▸ **DATASET RECORDS**
+++

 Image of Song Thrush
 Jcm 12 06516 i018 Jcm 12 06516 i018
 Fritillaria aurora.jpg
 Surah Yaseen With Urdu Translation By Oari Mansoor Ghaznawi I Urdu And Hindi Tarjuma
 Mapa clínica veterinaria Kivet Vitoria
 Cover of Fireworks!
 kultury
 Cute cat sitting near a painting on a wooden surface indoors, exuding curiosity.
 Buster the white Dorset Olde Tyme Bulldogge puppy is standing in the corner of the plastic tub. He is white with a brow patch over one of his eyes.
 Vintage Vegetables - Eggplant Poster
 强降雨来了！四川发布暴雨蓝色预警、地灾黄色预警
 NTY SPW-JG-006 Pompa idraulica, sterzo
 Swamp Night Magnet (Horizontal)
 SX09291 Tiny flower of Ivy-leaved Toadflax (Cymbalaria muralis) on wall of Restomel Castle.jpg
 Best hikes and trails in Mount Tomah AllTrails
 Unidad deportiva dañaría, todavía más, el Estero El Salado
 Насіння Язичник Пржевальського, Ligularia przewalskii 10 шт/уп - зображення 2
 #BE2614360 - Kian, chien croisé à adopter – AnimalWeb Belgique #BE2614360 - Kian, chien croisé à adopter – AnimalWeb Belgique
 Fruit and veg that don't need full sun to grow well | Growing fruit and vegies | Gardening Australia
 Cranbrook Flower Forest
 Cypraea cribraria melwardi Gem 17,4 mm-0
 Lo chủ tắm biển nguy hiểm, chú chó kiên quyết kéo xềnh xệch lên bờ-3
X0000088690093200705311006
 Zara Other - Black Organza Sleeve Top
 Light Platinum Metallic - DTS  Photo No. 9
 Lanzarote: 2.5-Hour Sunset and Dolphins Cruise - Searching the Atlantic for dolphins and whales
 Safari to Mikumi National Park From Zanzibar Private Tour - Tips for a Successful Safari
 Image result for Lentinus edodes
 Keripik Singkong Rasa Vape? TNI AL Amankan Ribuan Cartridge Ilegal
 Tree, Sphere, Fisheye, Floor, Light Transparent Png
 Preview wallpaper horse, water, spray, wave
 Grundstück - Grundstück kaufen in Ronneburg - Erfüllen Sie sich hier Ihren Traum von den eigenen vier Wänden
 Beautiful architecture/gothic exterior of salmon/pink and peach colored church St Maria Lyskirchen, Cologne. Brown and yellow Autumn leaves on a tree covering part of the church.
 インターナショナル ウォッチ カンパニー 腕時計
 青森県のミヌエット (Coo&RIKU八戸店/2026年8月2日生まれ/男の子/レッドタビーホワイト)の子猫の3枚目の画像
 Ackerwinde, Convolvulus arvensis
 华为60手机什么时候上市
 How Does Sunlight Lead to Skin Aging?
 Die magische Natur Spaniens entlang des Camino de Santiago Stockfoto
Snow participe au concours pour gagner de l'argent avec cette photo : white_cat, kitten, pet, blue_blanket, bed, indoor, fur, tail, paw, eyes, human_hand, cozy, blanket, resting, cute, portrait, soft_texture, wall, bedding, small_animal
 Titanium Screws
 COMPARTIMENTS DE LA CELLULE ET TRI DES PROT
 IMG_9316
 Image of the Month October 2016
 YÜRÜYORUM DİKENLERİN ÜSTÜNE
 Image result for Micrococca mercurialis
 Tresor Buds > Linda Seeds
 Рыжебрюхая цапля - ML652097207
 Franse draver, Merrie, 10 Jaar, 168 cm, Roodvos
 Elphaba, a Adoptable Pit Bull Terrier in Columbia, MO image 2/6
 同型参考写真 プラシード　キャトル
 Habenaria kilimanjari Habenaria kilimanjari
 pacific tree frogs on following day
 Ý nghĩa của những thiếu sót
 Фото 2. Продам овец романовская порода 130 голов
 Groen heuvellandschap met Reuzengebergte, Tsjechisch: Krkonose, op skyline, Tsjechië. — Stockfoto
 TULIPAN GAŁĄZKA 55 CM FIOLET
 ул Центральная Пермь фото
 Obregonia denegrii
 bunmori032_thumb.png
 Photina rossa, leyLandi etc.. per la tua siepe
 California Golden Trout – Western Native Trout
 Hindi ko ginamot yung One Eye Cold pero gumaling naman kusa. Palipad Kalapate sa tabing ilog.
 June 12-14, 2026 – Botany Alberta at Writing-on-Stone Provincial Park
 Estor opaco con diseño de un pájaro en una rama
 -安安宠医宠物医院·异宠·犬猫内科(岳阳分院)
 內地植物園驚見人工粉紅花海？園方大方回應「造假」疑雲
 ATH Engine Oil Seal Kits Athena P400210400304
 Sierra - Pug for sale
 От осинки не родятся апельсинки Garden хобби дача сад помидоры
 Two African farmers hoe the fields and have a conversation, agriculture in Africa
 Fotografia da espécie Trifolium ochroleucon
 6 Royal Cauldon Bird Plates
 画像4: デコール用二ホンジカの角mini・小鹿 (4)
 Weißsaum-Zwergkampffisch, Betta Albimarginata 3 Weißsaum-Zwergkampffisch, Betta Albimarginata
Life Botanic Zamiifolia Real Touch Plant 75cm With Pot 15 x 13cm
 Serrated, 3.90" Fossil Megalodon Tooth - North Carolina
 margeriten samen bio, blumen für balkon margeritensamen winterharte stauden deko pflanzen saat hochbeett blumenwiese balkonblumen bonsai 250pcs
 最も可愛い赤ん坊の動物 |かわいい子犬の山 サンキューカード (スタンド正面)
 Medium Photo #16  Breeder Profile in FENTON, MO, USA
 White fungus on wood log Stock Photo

+++

▸ **WHAT YOU ARE ASKED TO DO**
The lines above, starting at the one with "How Does Sunlight Lead to Skin Aging?" and ending at the one with "Titanium Screws", are the only ones to return, exactly as written.

▸ **EXERCISE OUTPUT**
 How Does Sunlight Lead to Skin Aging?
 Die magische Natur Spaniens entlang des Camino de Santiago Stockfoto
Snow participe au concours pour gagner de l'argent avec cette photo : white_cat, kitten, pet, blue_blanket, bed, indoor, fur, tail, paw, eyes, human_hand, cozy, blanket, resting, cute, portrait, soft_texture, wall, bedding, small_animal
 Titanium Screws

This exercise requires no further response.